Handling Character Classes
Deliberating on how to handle reading character classes in from CCT's regular-expression-to-DFA tool.
As it is now, one would specify a class as an edge label when explicitly defining the graph_hash. For example:
accept_types = {...,81=>"string",...} graph_hash = { ... # Naive String Literal sans \-escaping. 79 => { '"' => 80 }, 80 => { /[^"\n]/ => 80, '"' => 81 }, 81 => nil, # accept string ... }
Internally, this doesn't exactly map to 'everything except " or newline.' It represents any edge label that matches that class.
Consider a scanner recognizing only numbers and comments.
int:d+ float:d+.d*|d*.d+ comment:/\*[^*]\*\/
The DFA looks like this:
The only fixed edge labels in for that DFA are 'd', '.', '/', and '*'. The [^*] refers to an occurrence of a 'd', a '.', or a '/', but reading an 'a' would result in an error, rather than a transition.
Older Thoughts
Some keys use a regex to specify "edge labels" (or "any character") EXCEPT (some match).
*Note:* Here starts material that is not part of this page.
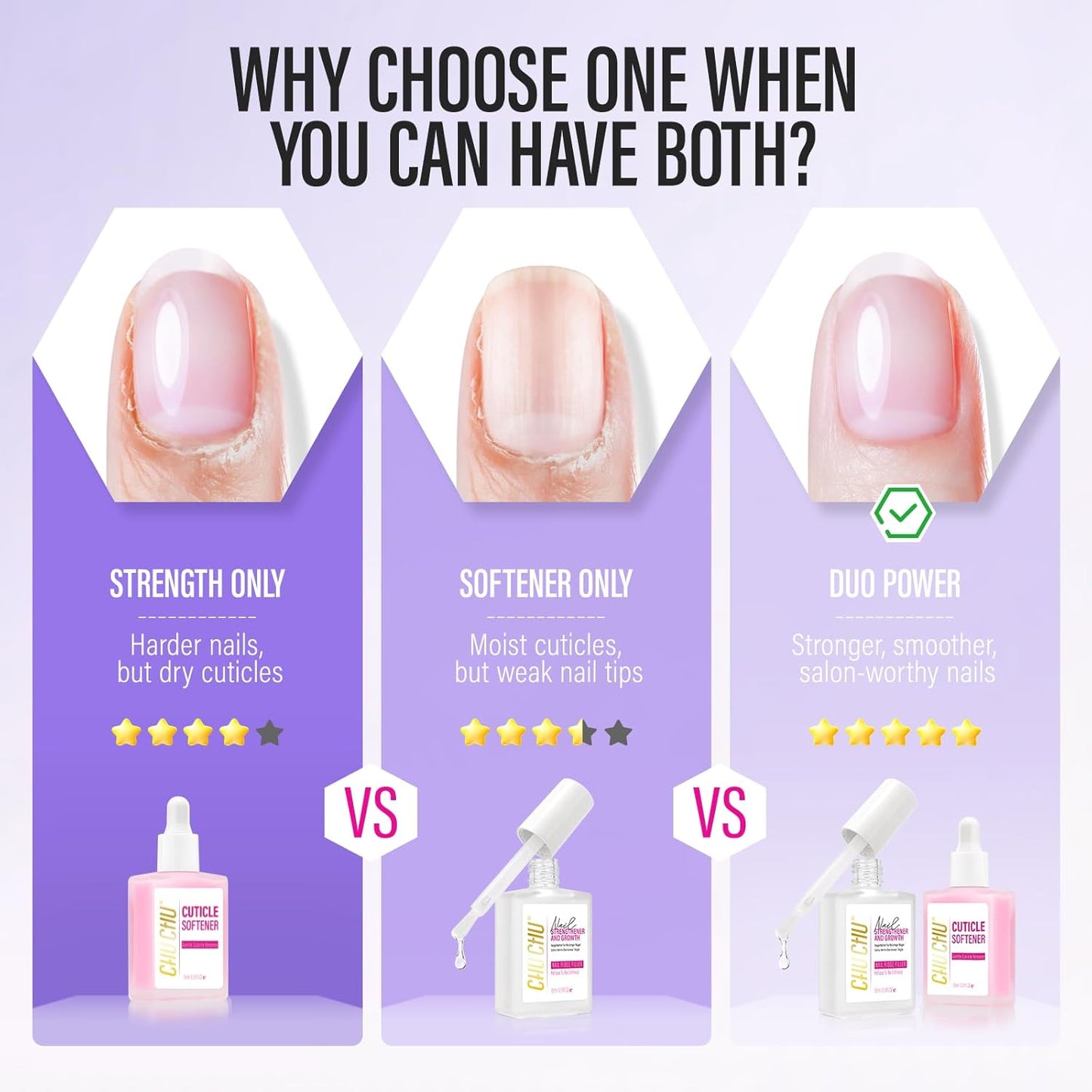 CHUCHU Nail Strengthener and Repair Kit: Pink Hardener and Growth & Cuticle Softener Set - Protein Ridge Filler Polish Quick Dry for Weak Peeling Brittle Splitting Nails - for Women Home Salon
Example: [^\n\*\/] would be anything but newline, *, or /. [expand_regex_edges()] replaces those regex specifications with ALL of the other available edge labels that don't match the regex.
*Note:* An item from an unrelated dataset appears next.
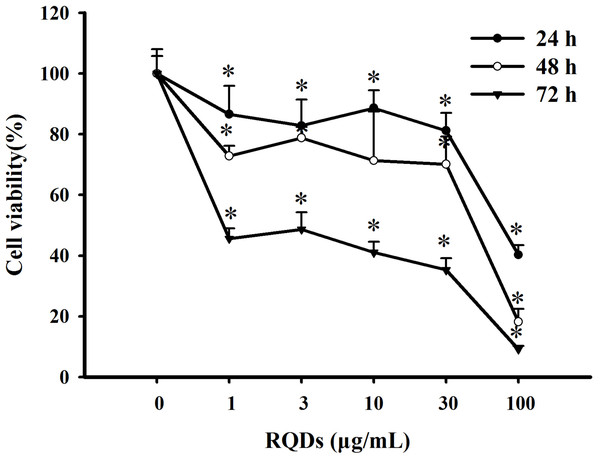 Growth inhibition effects of RQDs on JEC cells.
Specifying a scanner's construction rules using an NFA is less terse than using a set of regexes and accept notes. We'd prefer specifying our naive string like this:
string:"[^"]"
That could be a potential hurdle when implementing character class behavior down the line. I could write something into my Thompson-like Construction algorithm implementation to treat [^\]] as a concatenation of an edge with a regular expression. E.g., a[0-9]b would be a 4 state graph composed of 3 concatenations:
0 => {"a" =>1}, 1 => {/[0-9]/ => 2}, 2 => {"b" => 3}
Internally, it wouldn't feel especially elegant or true to the Thompson-McNaughton-Yamada spirit. Another option would be to do something like the following:
string:"Q" %% Q:[^"]
I'm slightly hesitant to do it this way. It's more work for the user and less intuitive, but it's less divergent from the TMY construction.